Fernando Alfon
Todo movimiento político, cuando se decide perdurar, entra a elegir a sus nombres representativos: a sus héroes. Se embarca en una serie de cuidadosas selecciones que terminan en un canon, arte de convertir lo efímero en permanente. No se trata de un proceso repudiable: tiene, más bien, algo de inevitable. Argentina, una vez unificado su territorio, consolidado el Estado y decidida a ser europea y moderna, tramó relatos tendientes a ungir algunos de los prohombres del siglo XIX. Fueron actos de gobierno, pero actos tendientes a construir identidades. De allí derivan homenajes, bustos, libros y bibliografías. La Argentina , durante el siglo XIX, constituyó su primer Canon.

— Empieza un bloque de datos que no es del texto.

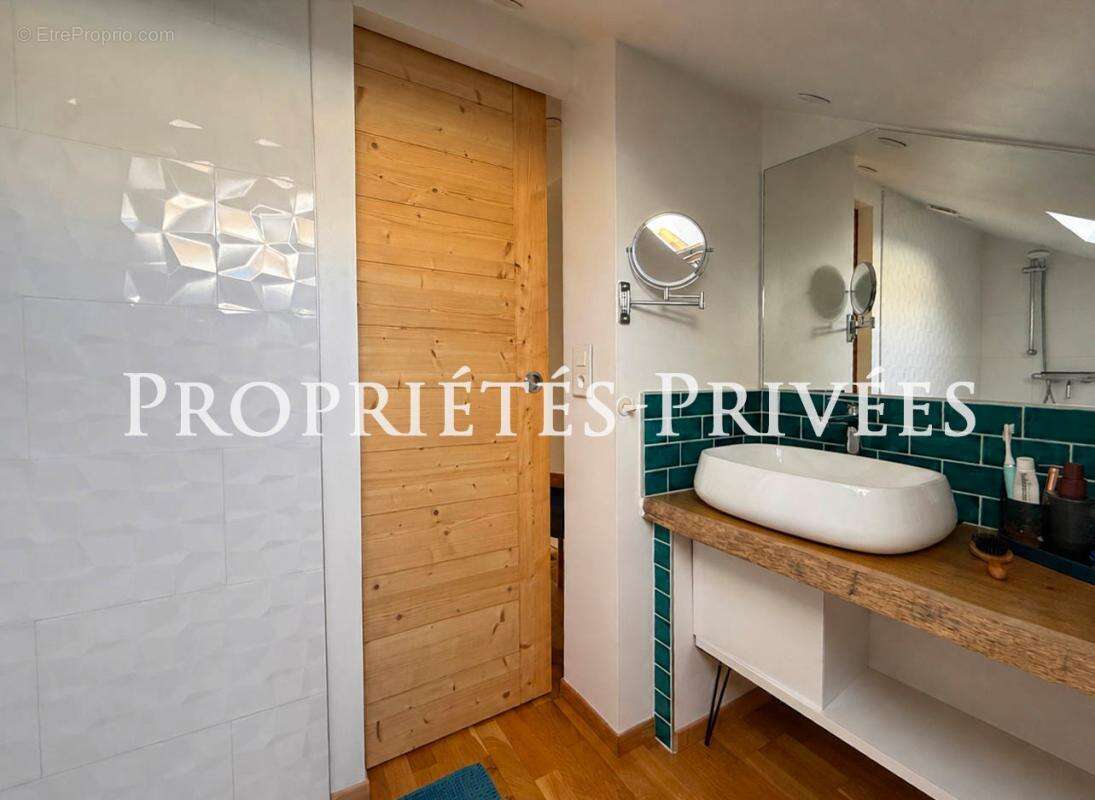 Maison de charme de 80 m2 rénovée à Joinville-le-Pont - photo 14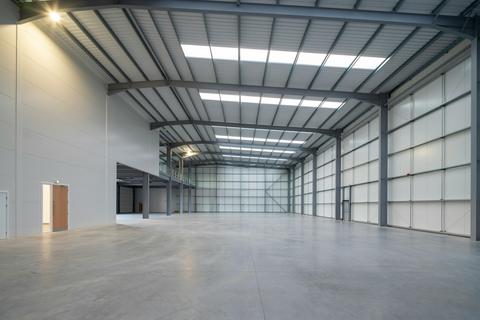 Warehouse to rent, 555 White Hart Ln London N17 7RP
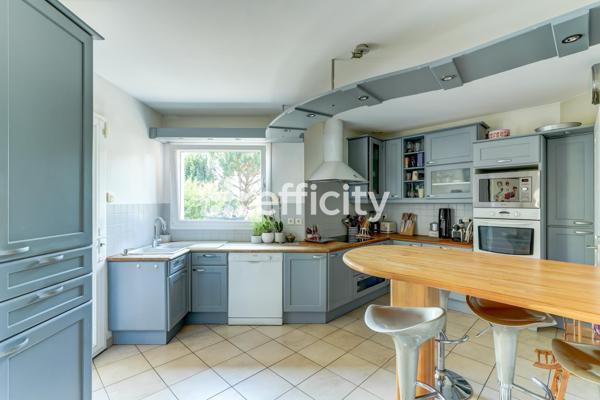 Maison
         6 pièces
        - 140 m² Bien prestige 875 000 € *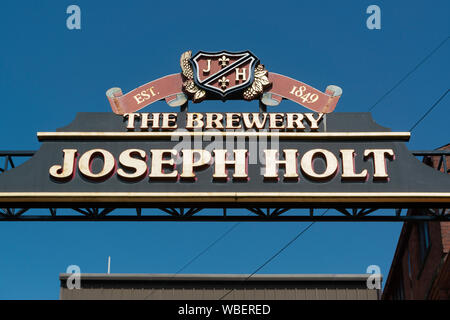 La signalisation pour Joseph Holt brasserie située sur la rue de l'Empire dans la région de Strangeways Manchester, UK. Banque D'Images
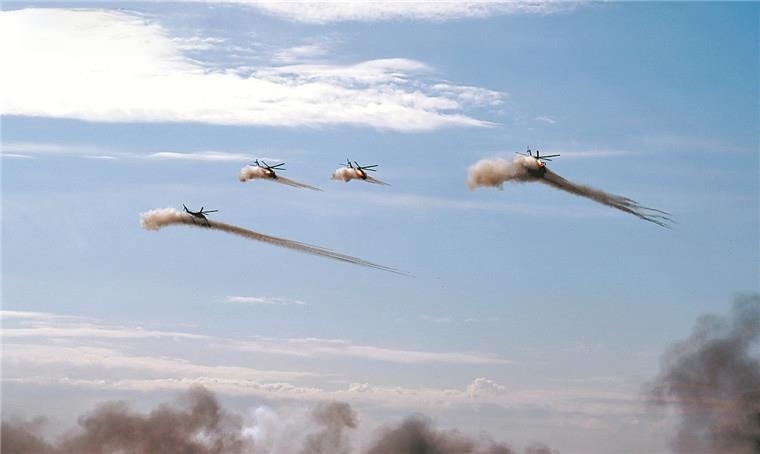 △“和平使命—2021”上合組織聯(lián)合反恐軍演。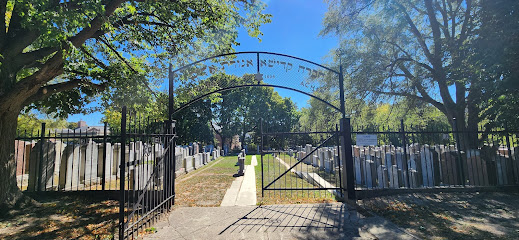 Roselawn Avenue Cemetery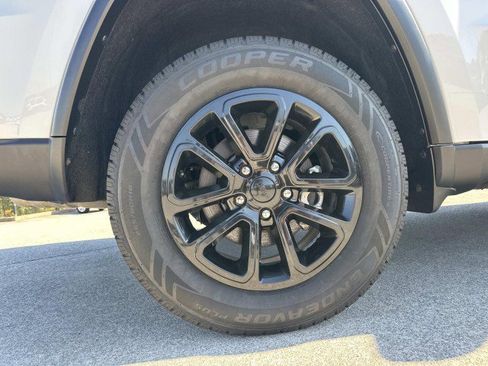 Used 2021 Jeep Grand Cherokee Laredo AWD/4WD image 17
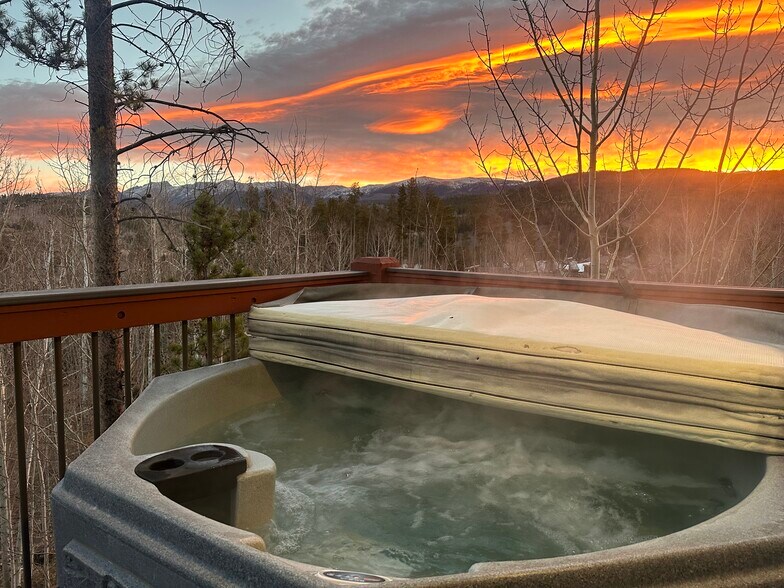 Building Photo - 424 Wolf Park Ln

Por la propia dinámica que ha tomado el curso político de la Argentina en la primera década del siglo XXI, el kirchnerismo se vio en la extraordinaria oportunidad de re-canonizar. Advirtió que su tiempo era un tiempo de conmemoración y revisión. Cuando no era nada, nada tenía que elegir. Luego, al devenir en una pujante experiencia política y descubrir la enorme relevancia de los símbolos, comenzó la selección y los homenajes. El kirchnerismo ―además de otras tantísimas cosas― también es una formidable maquinaria de resignificación y prefiguración de un canon. Los nombres que componen este «equipo» ya han logrado un notable consenso: Scalabrini Ortiz, Jauretche, Cooke, Ramos, Rosa, Puiggrós, Hernández Arregui, Chávez, Carpani, Discépolo, Marechal, Oesterheld, Manzi, Urondo, Walsh... El listado sigue, pero no es infinito, ni mucho menos cuantioso. He aquí el asunto; digamos, mejor, el drama y los interrogantes que este proceso de deslinde supone.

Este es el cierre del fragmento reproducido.